In response to soaring fuel bills, airlines have been forced to operate much more efficiently than before, eliminating excess capacity and under-utilised routes.
U.S. and international airlines operating in the United States spent a staggering $51 billion on fuel in 2012, up from just $15 billion in 2000, according to the Bureau of Transportation Statistics.
Fuel is now the largest single item of expenditure for most U.S. and international airlines. The pressure to achieve greater efficiency has been immense.
U.S. and international airlines carried 813 million passengers in 2012, up 21 percent from 2002. But the number of available seat-miles - a measure of capacity - rose just 16.6 percent over the same period.
In 2002, the average plane was 72.6 percent full. By 2012, the load factor had reached 82.5 percent, and is on course to be even higher in 2013 and 2014.
Aircraft are also becoming much more efficient. New aircraft use around a quarter less fuel than the fleet average, an Airbus representative told an expert meeting convened by the OECD's International Transport Forum (ITF) ("What is the future of air transport?" May 2010).
Similar gains have been made in Europe and the other advanced industrial economies.

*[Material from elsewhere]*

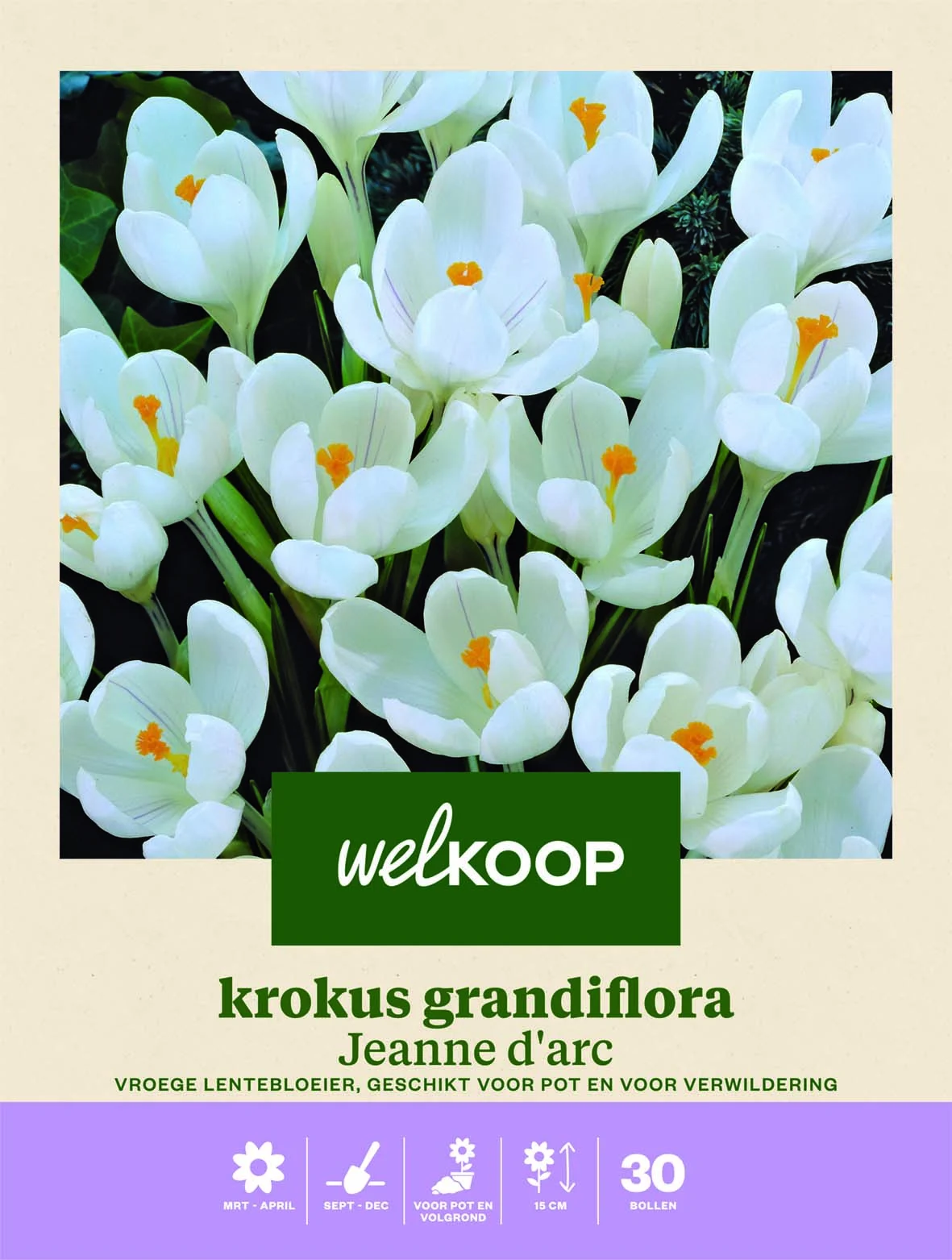 Welkoop Krokus Grandiflora Jeanne d'Arc - Bloembollen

Even more efficiency will be needed in future, however, to cope with the predicted growth in passenger numbers in emerging markets.
Global passenger traffic has already risen from 300 million in 1970 to 2.5 billion in 2010, and is predicted to hit 5 billion or even 10 billion per year by 2050, according to the ITF's expert panel.
The global aviation industry aims to improve fuel efficiency by 1.5 percent per year until 2020, according to the International Air Transport Association (IATA), which lobbies on behalf of carriers.
Beyond 2020, global airlines are committed to "carbon-neutral growth". Rising passenger numbers and freight volumes will have to be offset by continued efficiency improvements and carbon offsets such as increased use of biofuels to meet that goal.
There are estimated to be 24,000 aircraft in the global fleet. Replacing them all with the most modern generation of planes could cut fuel use and carbon emissions by 25 percent.
Fleet turnover takes about 20 years at normal replacement rates. IATA, however, says 12,000 new aircraft costing $1.3 trillion will be purchased by 2020, which would result in another substantial cut in fuel use and emissions compared with the baseline ("Airlines International: Technology and Environment Supplement" April 2012).
As long as oil prices remain high, airlines will have strong incentives to restrict route-network growth and continue ordering more efficient aircraft.